A registered agent is mandatory for every Utah LLC—domestic, foreign, and professional—from the moment of formation or registration through the life of the entity. The Division of Corporations and Commercial Code will not accept a formation filing without one.
The requirement appears in § 48-3a-111(1), which directs every limited liability company and every registered foreign limited liability company to designate and maintain a registered agent “in accordance with Subsection 16-17-203(1).” A domestic LLC satisfies this at formation through its Certificate of Organization under § 48-3a-201, and a foreign LLC does the same through its foreign registration statement under § 48-3a-903. Both filings require agent information as a mandatory field. “Continuous” means without any gap: under § 48-3a-708, a domestic LLC that goes 60 consecutive days without a registered agent in Utah triggers grounds for administrative dissolution. For a foreign LLC, the same lapse triggers termination of registration under § 48-3a-910.
Note: The 60-day clock begins the day the agent vacancy arises—not the day the Division discovers it. If a registered agent resigns and the LLC does nothing, the dissolution timeline is already running.
Who May Serve as a Registered Agent for a Utah LLC?
Any individual or entity that maintains a qualifying physical address in Utah may serve as a registered agent for a Utah LLC. The Model Registered Agents Act recognizes two categories, and the LLC must designate one or the other on every registered-agent filing.
A commercial registered agent is an individual or entity that files a listing statement with the Division and holds itself out as being in the business of accepting service on behalf of multiple entities. A noncommercial registered agent is everyone else—typically a member, manager, attorney, or acquaintance willing to accept process at a Utah street address. Under § 16-17-102(14), a noncommercial registered agent is “a person that is not listed as a commercial registered agent … and that is: (a) an individual or a domestic or foreign entity that serves in this state as the agent for service of process of an entity.” Utah does not impose a residency requirement on individual agents—only a requirement for a physical address in the state where service can actually be delivered.
Option A — An Entity: A domestic or foreign corporation, LLC, partnership, or other entity authorized to do business in Utah may serve. The entity cannot be the same LLC it represents. The entity must maintain a place of business in Utah.
Option B — An Individual: Any individual with a physical street address in Utah may serve. The address must be an actual street address or rural route box number, not a P.O. box standing alone.

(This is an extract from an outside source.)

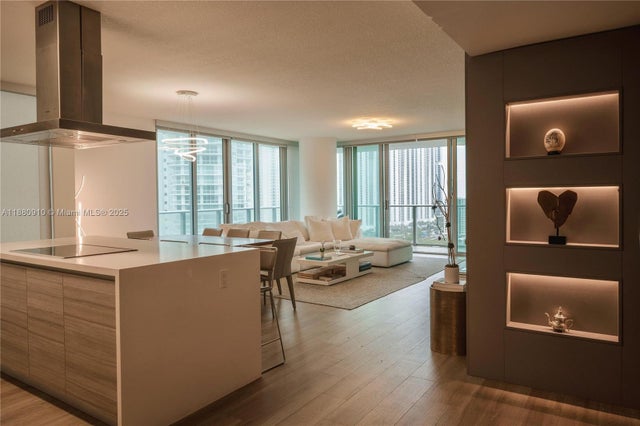 4 of 33 - 300 Sunny Isles Blvd 4-1802, Sunny Isles Beach, FL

Addresses must satisfy § 16-17-202, which requires “an actual street address or rural route box number in this state” and, if different, a mailing address in the state.
| Address Type | Permissible as Registered Office |
| Physical street address in Utah | Yes |
| Rural route box number in Utah | Yes |
| P.O. box only (no street address) | No |
| Virtual office or mail-forwarding address with no physical presence | No |
| Out-of-state address | No |
Can an LLC Member or Manager Serve as Registered Agent in Utah?

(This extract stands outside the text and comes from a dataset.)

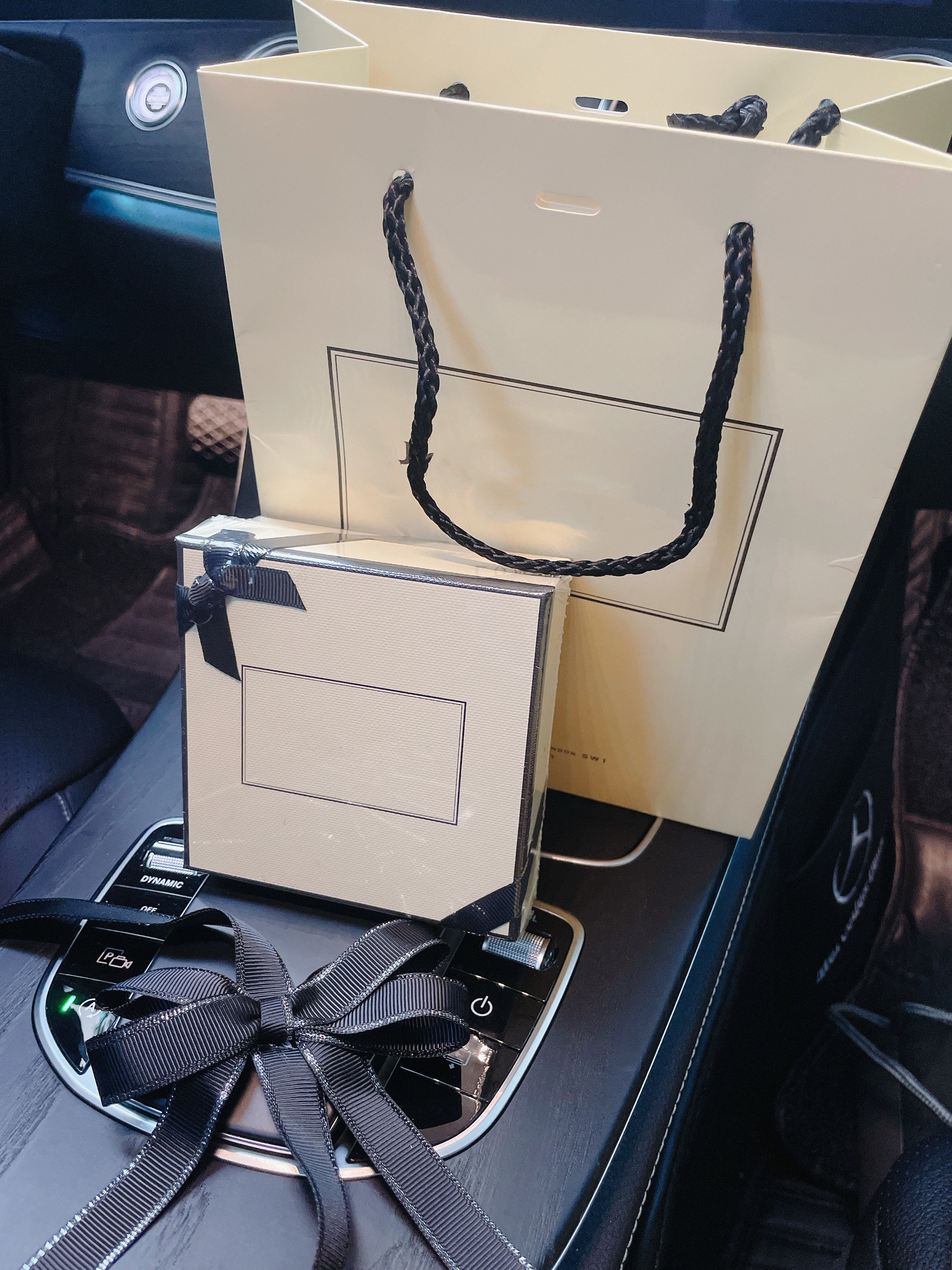 Jo Car Air Freshener Malone with high class and beautiful box for car inner decoration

A member, manager, or any other individual affiliated with the LLC may serve as its registered agent, provided the person maintains a physical street address in Utah that meets the requirements of § 16-17-202. No special consent form is needed beyond the formation filing itself.
Utah’s statutes do not distinguish between insiders and outsiders when it comes to agent eligibility. The act of filing the Certificate of Organization naming the agent “is an affirmation by the represented entity that the agent has consented to serve as such,” per § 16-17-203(2). This means no standalone consent document needs to be prepared or filed separately. A single-member owner forming a new LLC can simply enter their own name and Utah street address in the registered-agent section of the formation filing and proceed. The trade-off is straightforward: the agent’s name and address become a permanent part of the public record under the Government Records Access and Management Act (GRAMA § 63G-2-201).

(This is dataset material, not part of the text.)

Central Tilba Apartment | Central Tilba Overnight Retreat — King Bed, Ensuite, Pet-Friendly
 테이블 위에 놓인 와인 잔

| Factor | Serving as Own Agent | Professional Registered Agent Service |
| Privacy | Personal name and home or office address on public record | The service’s business address appears instead of the owner’s personal address |
| Availability | Must be reachable at the registered address during business hours | Staffed office ensures reliable acceptance of service |
| Flexibility | Address changes require a filing with the Division each time the member moves | Service maintains a stable address regardless of the owner’s location |
| Document handling | The owner receives and manages legal documents personally | Service forwards documents promptly and may provide tracking or alerts |
| Cost | No ongoing fee beyond the LLC’s own renewal | Annual service fee (varies by provider) |
How to Designate a Registered Agent on Your Utah LLC Certificate of Formation
A Utah LLC designates its registered agent by including the agent’s name and address in the Certificate of Organization filed with the Division of Corporations and Commercial Code. The designation becomes effective the moment the filing is accepted.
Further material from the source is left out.